Here's an interesting article tracing Epicurean ideas from Epicurus to Jefferson through several French philosophers including Rousseau (who I have certainly heard of but am not very familiar with) and Burlamaqui (who I am not sure I have ever heard of before). Other than some discussion about Gassendi I don't think we have developed in the past to what extent these influential French thinkers embraced and accepted or deviated from Epicurus, or what they thought of Epicurus at all. Apparently this Burlamaqui was particularly influential in some of his phrasing, and might be the place Jefferson picked up "Pursuit of Happiness" as a phrase. I've only started to read the article but if anyone (particularly Charles) has insights into this I would like to begin to get a fix on whether we should consider some of these prominent Frenchmen to be pro-Epicurean or outside of the main line of Epicurean thought.
Couple of interesting comments:
All the references showing Jefferson's interest in Epicurus' philosophy known to me date back exclusively to this much later period in his life.

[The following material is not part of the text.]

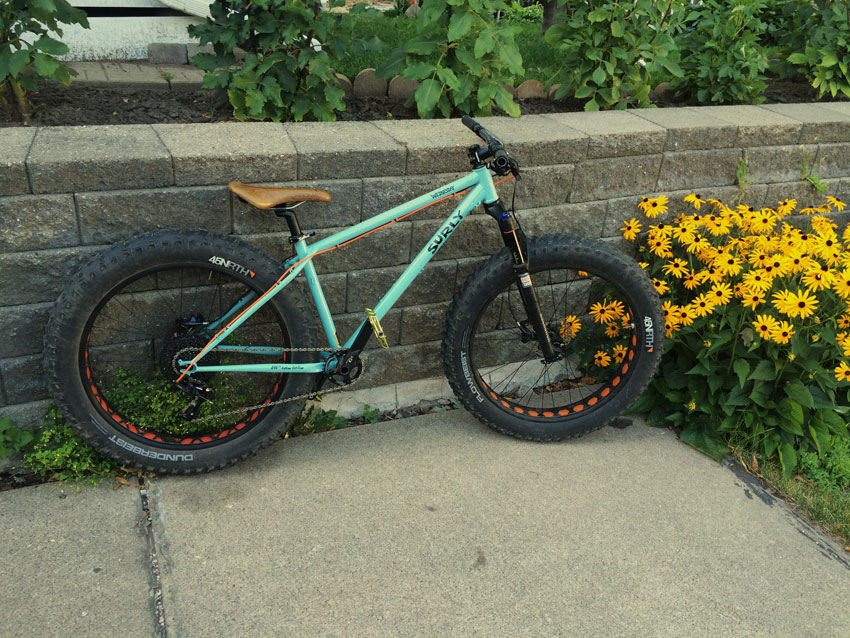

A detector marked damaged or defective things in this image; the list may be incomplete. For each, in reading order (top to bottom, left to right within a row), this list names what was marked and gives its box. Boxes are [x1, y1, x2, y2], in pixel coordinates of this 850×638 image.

concrete sidewalk crack [137, 482, 166, 636]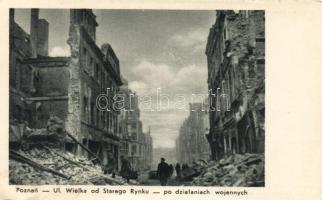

This makes it unlikely, but not entirely impossible, that Epicurus' philosophy played a major direct role in Jefferson's thinking in July of 1776.
Also, sounds like D'Holbach's "System of Nature" is important for its anti-religious nature. Another German, Martin....
Looks like we may eventually need a separate thread on D'Holbach, especially if we can find him directly commenting on Epicurus.
Well this "System of Nature" certainly seems important. We'll need a link to an English translation....
A questionable paragraph!
We also need "Christianity Unveiled' also by D'Holbach. Another reason for Martin to look further in D'Holbach!